A Variational Graph Autoencoder for Manipulation Action Recognition and Prediction

Oct 25, 2021
Gamze Akyol, Sanem Sariel, Eren Erdal Aksoy

Despite decades of research, understanding human manipulation activities is, and has always been, one of the most attractive and challenging research topics in computer vision and robotics. Recognition and prediction of observed human manipulation actions have their roots in the applications related to, for instance, human-robot interaction and robot learning from demonstration. The current research trend heavily relies on advanced convolutional neural networks to process the structured Euclidean data, such as RGB camera images. These networks, however, come with immense computational complexity to be able to process high dimensional raw data. Different from the related works, we here introduce a deep graph autoencoder to jointly learn recognition and prediction of manipulation tasks from symbolic scene graphs, instead of relying on the structured Euclidean data. Our network has a variational autoencoder structure with two branches: one for identifying the input graph type and one for predicting the future graphs.
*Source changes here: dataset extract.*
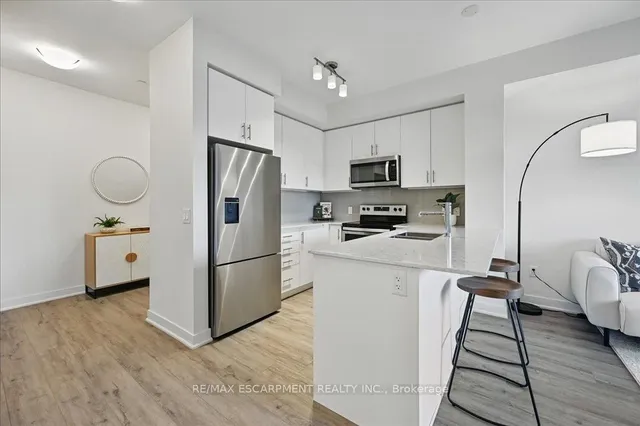 Additional image 7 of 340 PLAINS Rd Unit 102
The input of the proposed network is a set of semantic graphs which store the spatial relations between subjects and objects in the scene. The network output is a label set representing the detected and predicted class types. We benchmark our new model against different state-of-the-art methods on two different datasets, MANIAC and MSRC-9, and show that our proposed model can achieve better performance. We also release our source code

* Accepted for publication in the Proceedings of 2021 20th International Conference on Advanced Robotics (ICAR)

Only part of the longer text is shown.